You didn’t actively push him away or aggressively exclude him. And at the same time, you didn’t include him. In fact, you didn’t react to him at all. It was as if he wasn’t there. You effectively turned him into a ghost. A non entity. A nothing.

I’m sure some of you are decent kids. Some of you may even be nice, under the right circumstances. But I have to wonder how so many “nice” kids can be so very hurtful.

If you think about it for a moment, you’ll know the boy I’m referring to. There’s no question. He’s the only classmate you so fully and assertively shunned. Are you fooled by the smile on his face as he gives up and walks away from you? Do you really allow yourself to believe that you don’t hurt him deeply every time you treat him like he’s nothing? You’re smarter than that. You’re better than that. At least, I like to believe that you are. Think about it:  how would you feel if you were in his place, if you were treated the way you treat him over and over? How would it feel to you if your classmates never acknowledged you, never listened to you, never included you? How would you feel if no one seemed to care about your very presence?
You’re probably wondering why I said you’re missing out. Allow me to enlighten you.

That boy you exclude so readily? He’s about the least competitive kid around, and because of that, he’s also pretty much the best cheerleader you could ever hope to have.
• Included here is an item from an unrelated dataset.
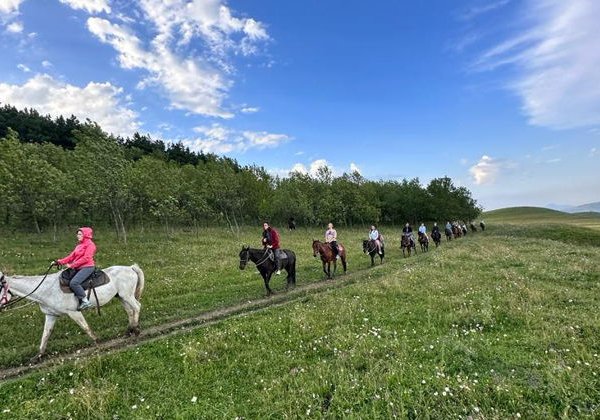 Конная прогулка недалеко от Кисловодска (мини-группа) - фото 1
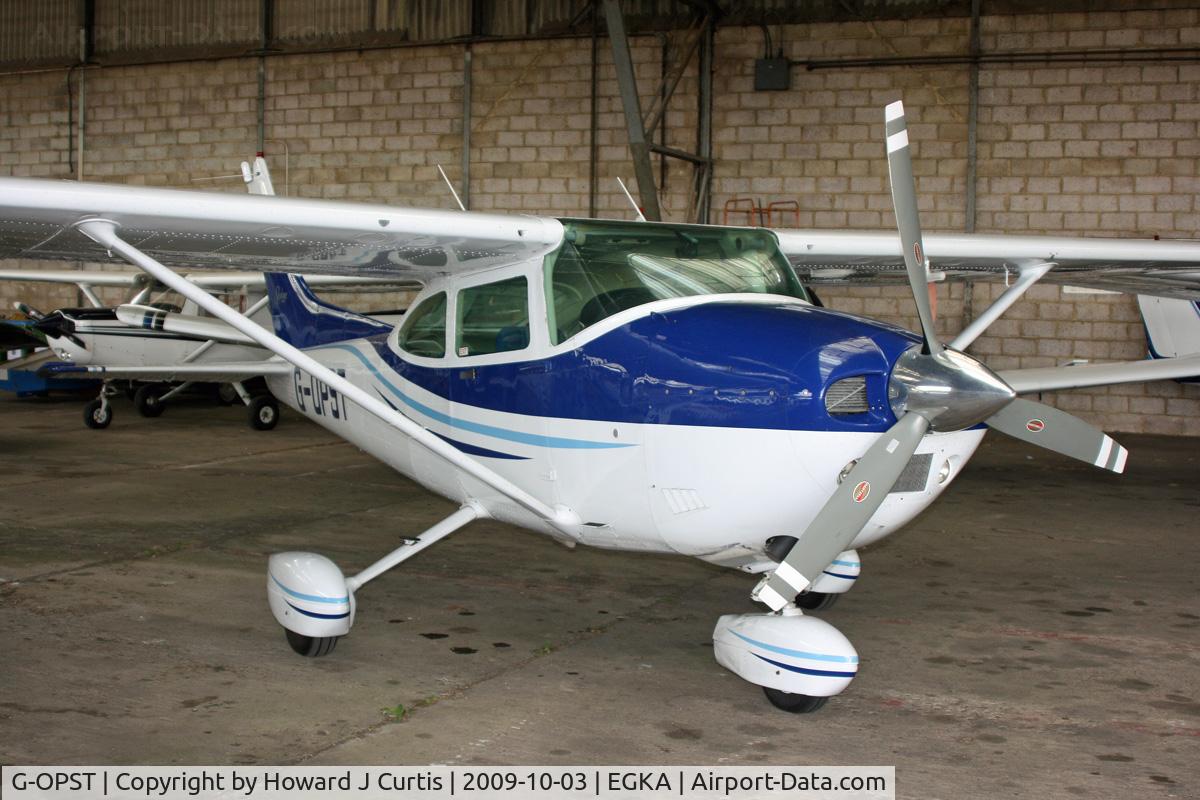G-OPST, 1981 Cessna 182R Skylane C/N 182-67932, Privately owned.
He’s supportive and generous, and if you needed someone to call on for help of any kind, he would jump to help you in a heartbeat without a worry about himself. He even cheers on the competition when he plays games and sports, because he wants the best for everyone. How many friends do you have like that? How many friends do you have who are completely okay – even happy for you – if you win and they don’t? How many of your friends, if they win, want to teach you what they know so that you can possibly beat them next time? Or would they rather keep their skills to themselves because winning, even with you, is what matters most to them?

That boy you don’t acknowledge is crazy smart. He could help you with any school work you find challenging. He’d be a phenomenal partner on a class project because he picks up knowledge almost as easily as breathing or drinking water, but more than that, he understands how to use that knowledge, how to manipulate numbers and words, and he can help you learn how to do it, too. He loves sharing knowledge. He can make school easier for you. He’d like to.
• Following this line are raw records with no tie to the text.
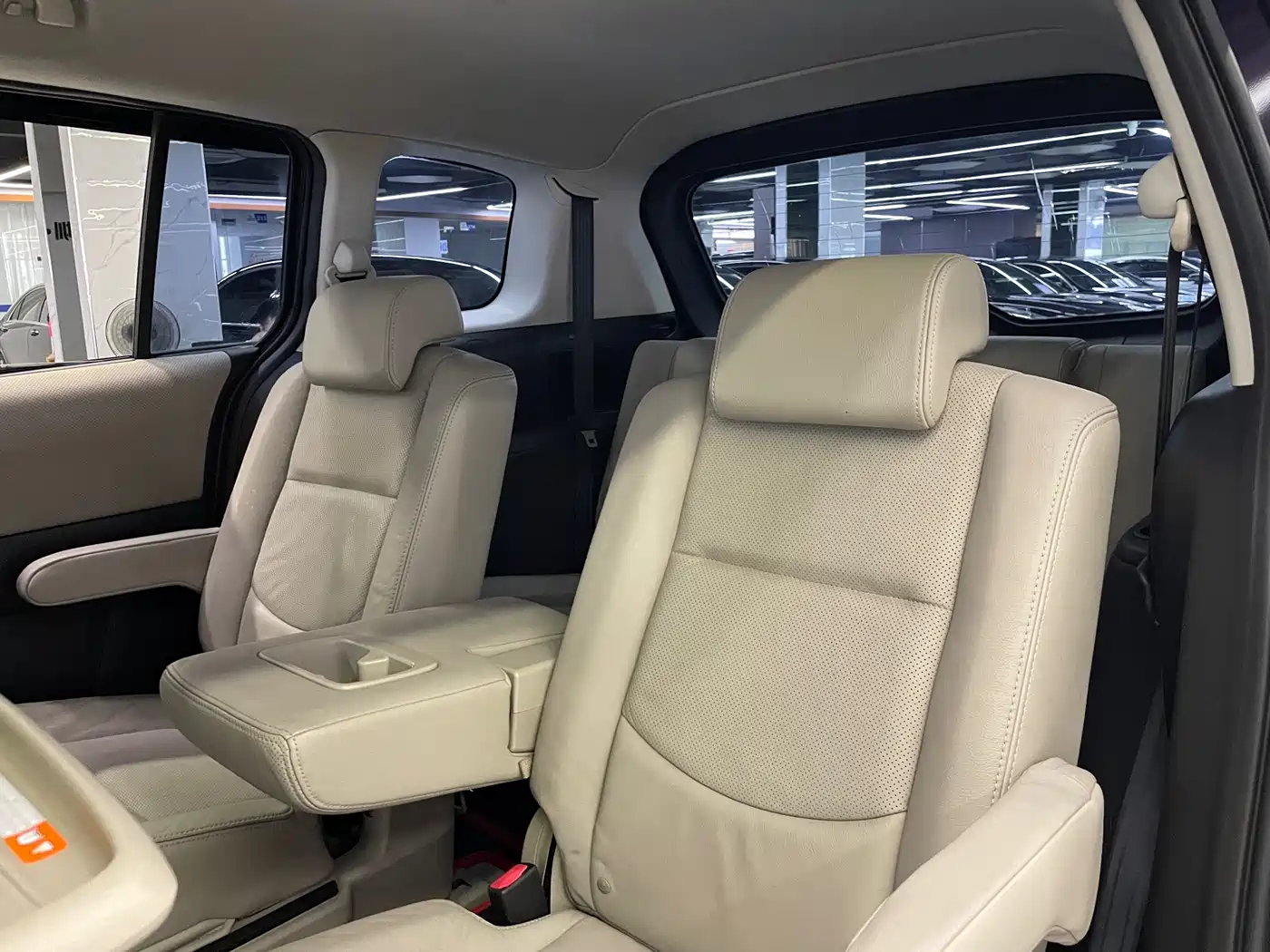 Mazda Mazda5 2008 2008 2.0 Automatic Luxury Edition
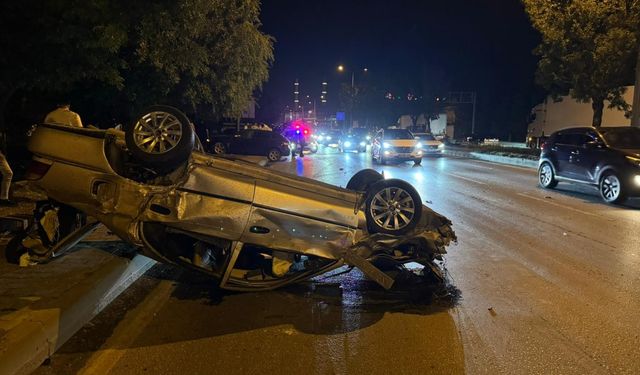 Eskişehir'de 3 otomobilin karıştığı trafik kazasında 2 kişi yaralandı
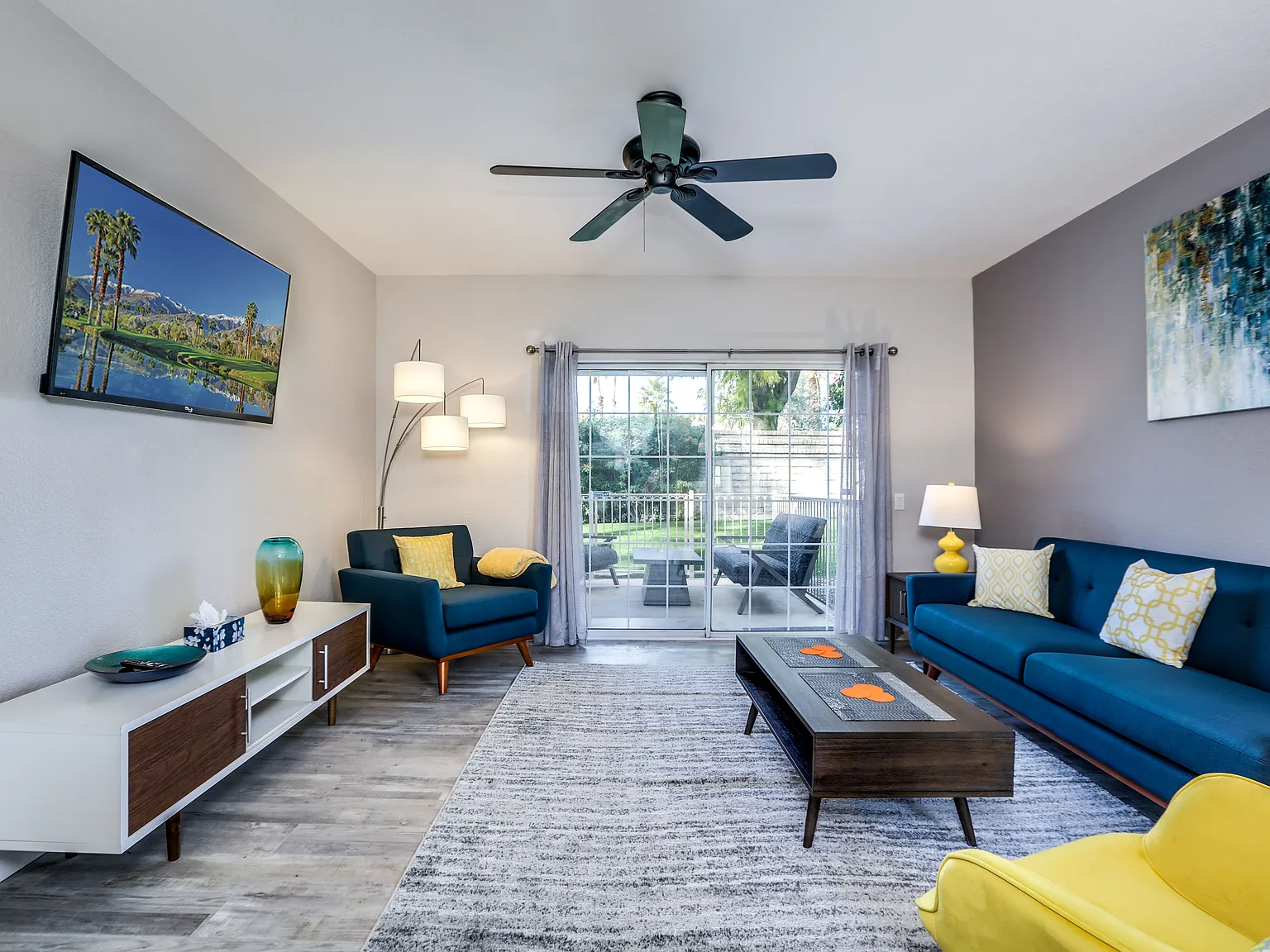 2 bed, 1175 sqft, $2,500 — Photo 2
That boy you ignore even when he’s right next to you saying hello and trying to joke with you? He has a heart larger than your entire school. We all go through fun times we want to share and tough times where we need someone to listen. He’d go to the ends of the earth for any friend, to make them smile and to make sure they’re okay.

That boy you look down on because maybe he’s awkward or small or a little different from you? He’s also far braver than you. Any of you. Think about how often he has approached you – in class or on the playground – and been shunned by you, ignored by you, not accepted by you. If you were in his shoes, how many times would it take before you just gave up? Think about that for a moment. Think about how much that would hurt and how quickly you would stop trying. But he doesn’t stop. He continues to try, over and over, a huge, friendly smile on his face, hope shining through that maybe this time will be different, maybe this time you’ll include him… maybe this time he will be visible to you. Imagine how much courage that takes. I’m not sure I’m that brave, and I’m fairly certain you are not.

Today, I saw you miss out, my dear 4th graders. I saw you walk right by the chance to make not only a great friend with a true champion but also to get to know someone who’s more of a hero than you can imagine. Someone kind and brave. Someone with more of a heart than any of you have shown.